If something goes wrong, go with it the best you can. Don't let it ruin the day. This is easier said than done considering the time and effort that goes into T-Day dinner. Perfection is a romantic concept but is never as enjoyable in real life as it seems in your fantasies. Something is always going to go wrong or forgotten or something. If something is truly ruined such as burnt then don't serve it. Laugh, do the best you can and move on. The worst case scenario is the turkey getting burnt or over cooked or undercooked. People love telling turkey disaster stories. Seriously don't you love these tales (and somehow they seem to get taller as years go by!). I have heard, seen and contributed to these stories. Family and friends love the stories, but mostly family and friends are there because they want to be with you. They will come back, even if it to see what happens next year! So dang it, take a sip of wine (or whatever you sip on) and keep on going.
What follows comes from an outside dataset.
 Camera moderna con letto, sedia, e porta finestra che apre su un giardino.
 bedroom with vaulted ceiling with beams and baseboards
Unless someone is comfortable carving the turkey at the table, it is OK to carve the bird in the kitchen before it is placed on the table. Everyone can still come watch if they like. That beautiful bird right out of the oven seems to make everyone salivate and ooooh and aaahh. Difficulties carving the bird are more obvious and awkward at a formal table setting because all eyes are on you. In the kitchen, it just seems more casual and fun. Now if carving at the table is a tradition and works for you, then keep it up.
Use tried and true recipes that you have made before and know are good. You are quite adventurous and brave if you prepare all new dishes for the first time. The tried and true are usually those family recipes that are looked forward to, so my rule of thumb is don't disappoint. But a new dish or two can keep things interesting. I get in trouble a lot for changing things up. So there are dishes such as the bird, stuffing, and gravy that are essentially the same. I also use my Granny's biscuit/roll recipe because everyone loves them and it keeps her in my heart and at my table. I love that about passed down recipes.
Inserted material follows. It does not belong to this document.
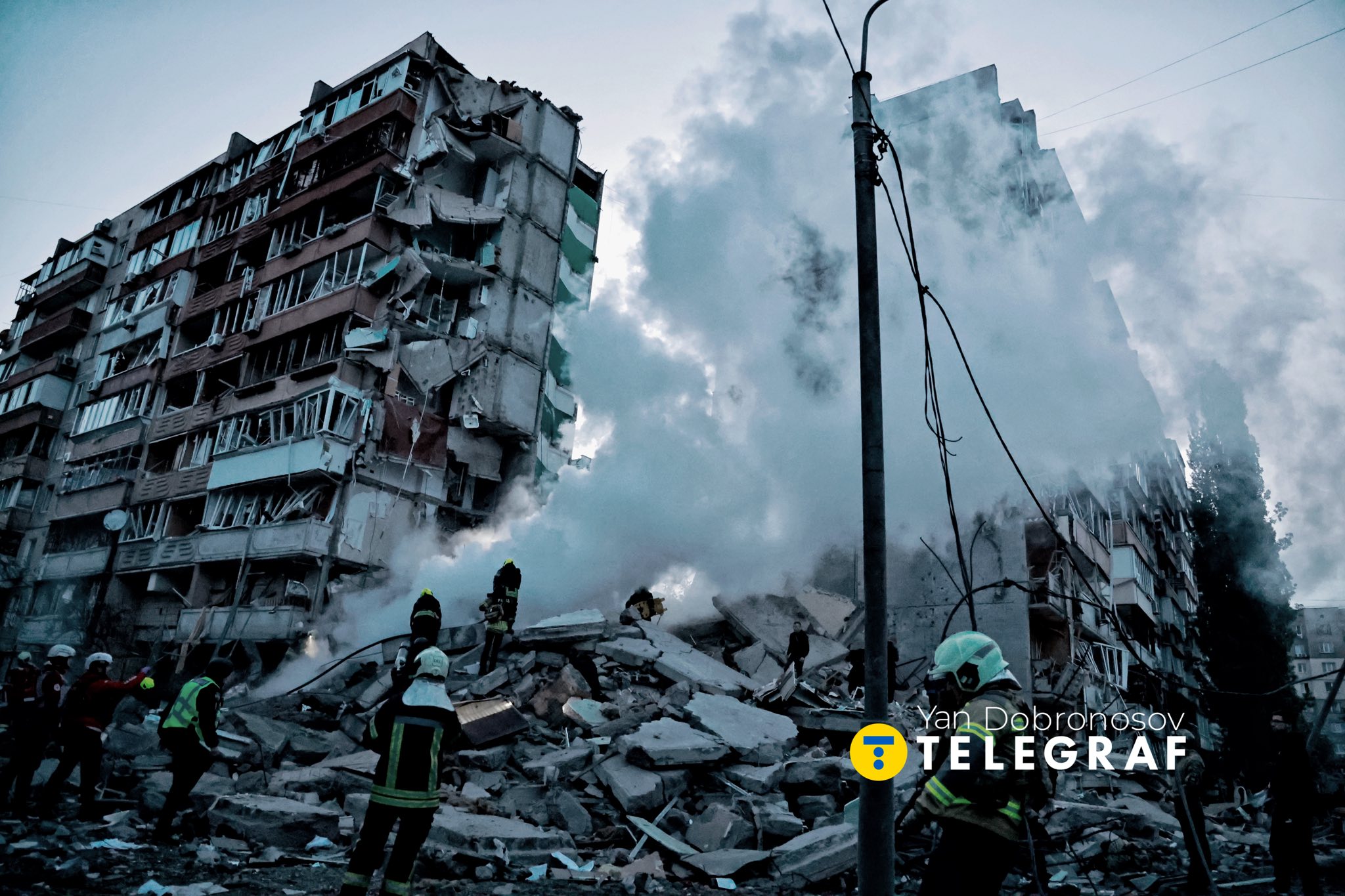A wide shot of a catastrophic scene in a residential area. A large section of a multi-story apartment building has completely collapsed, leaving a jagged vertical gap in the structure and a massive mountain of concrete rubble and twisted metal. Thick white smoke or dust billows from the ruins, partially obscuring a neighboring building. In the foreground, several first responders in high-visibility gear and helmets are working among the debris under a dim, overcast sky. A watermark for "Yan Dobronosov TELEGRAF" is in the bottom-right.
Do the heavy housekeeping before Thanksgiving week. Over loading yourself with chores is just stressful. Do what you can before hand and if you need to purchase some DO NOT ENTER police tape because you only time for half the house, do it. Just make sure that everyone is not confined to one small room of the house!
Now a few tips on the meal itself.
Have appetizers but keep them simple. You don't want to cook more than you need to and don't want the guests to fill up before dinner. Put someone else in charge of the appetizer plate so you don't have to keep stopping to supply it. So my suggestions are the following:
- cheese plate with a semi hard goat cheese, a medium or sharp cheddar, a blue cheese or Roquefort, shards of good quality Parmesan Reggiano cheese - not all just a couple of your favorites
- roasted unsalted almonds (every time I serve these I get comments about how good they are)
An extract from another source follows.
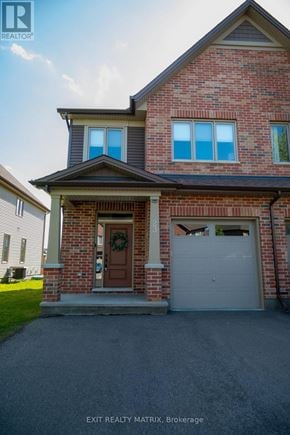 Russell townhouse for rent - A brick house with a garage door and a wreath on the door.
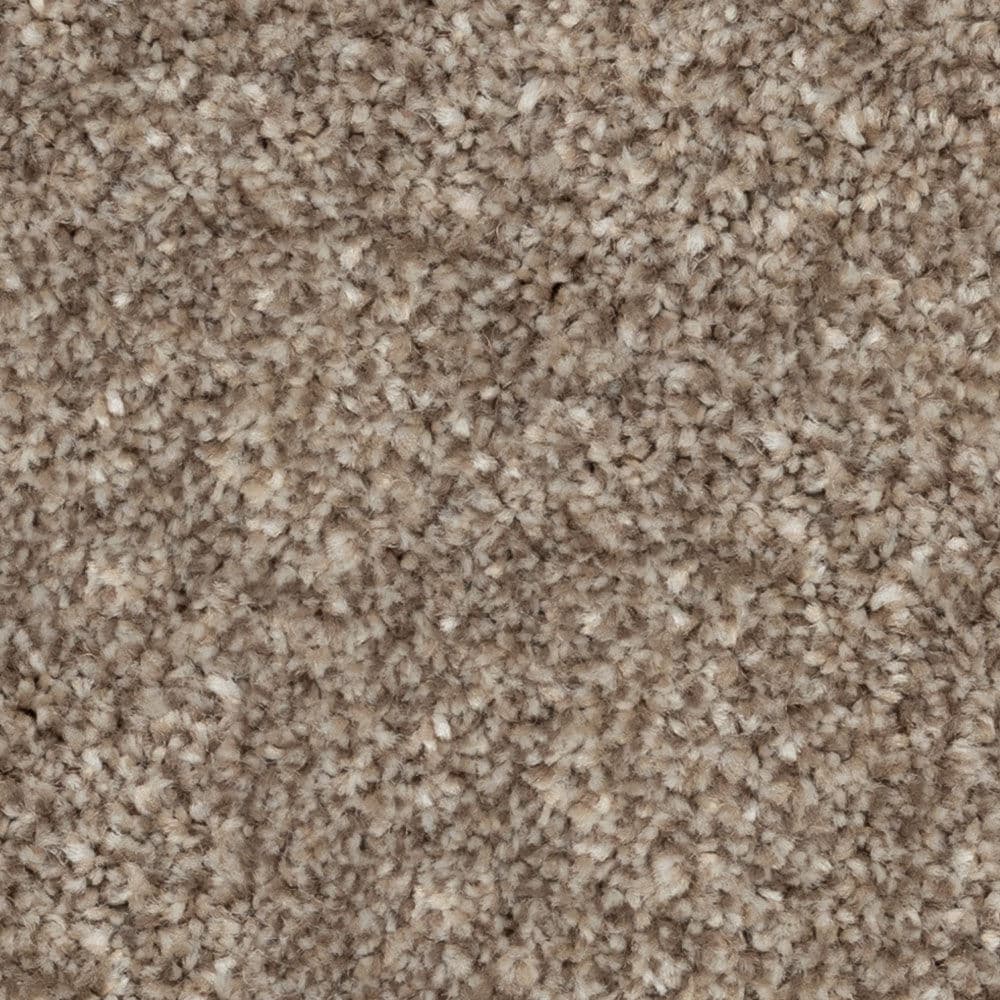 Close-up of beige textured carpet fibers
- fruit - grapes, sliced apples, sliced pears
- olives - one kind or a variety in a bowl (my favorite is garlic stuffed green olives - yum)
- always have non alcoholics drinks such as cider, mulled cider, cider mixed with cranberry or pomegranate (spiced or not), sparkling cider if you are serving champagne before or after dinner, green or black tea bags (it is nice to have a hot water kettle so they can easily make their own tea, this probably not the best time to heat water on the stove) and definitely have water available
- fruity wines are generally best served for the Thanksgiving meal. My suggestions are Pinot Noir, Zinfandels or a nice beaujolais for the reds. An unoaked chardonnay, white Burgundy or a Gewurztraminer that is more dry and spicy than sweet are good choices for the whites. This year I am going with an old vine Zinfandel from CA and a Gewurstraminer for the dinner.
- a robust coffee or espresso is excellent for after dinner but the Zinfandel and Gewurztraminer will also go with dessert. I also like to have a small touch of Grand Marnier sometimes. Adults tend to get really excited about having Grand Marnier with desserts. Isn't that funny.
- hard cider and beer for those that don't care for wine
- brining a bird keeps it moist even when you over cook it. Really, I can attest to this. Brining has definitely saved my bird in the past. Here is a basic recipe for brining a turkey: 1 cup kosher salt, 1/2 cup of brown sugar added to 2 gallons of water. Place the first gallon of water with the salt and sugar and bring to a simmer. Turn off the heat and allow the liquid to cool for 30 minutes. Add 8 cups of ice to cool further. This liquid needs to be ice cold when the bird is added. Also make sure the cavity has been emptied out. Use a fresh turkey or one that is not self basting. The great thing about this general recipe is that you can personalize it up by replacing some of the liquid with stock, cider, pomegranate or cranberry juice. If you would like to add spices or dried herbs such as peppercorns, cinnamon stick, allspice, thyme, sage add them before you bring the liquid to a boil. Fresh herbs should be added after the liquid has simmered for a minute or two and the heat has been turned off. Place the turkey in large clean plastic bag or container and brine it for 8 to 12 hours. I keep mine in an ice chest on my deck in the shade placed in ice and water to keep it at 40 degrees or slightly below. If I had a spare refrigerator, I would put it in a very clean, 5 gallon bucket and place in the frig overnight.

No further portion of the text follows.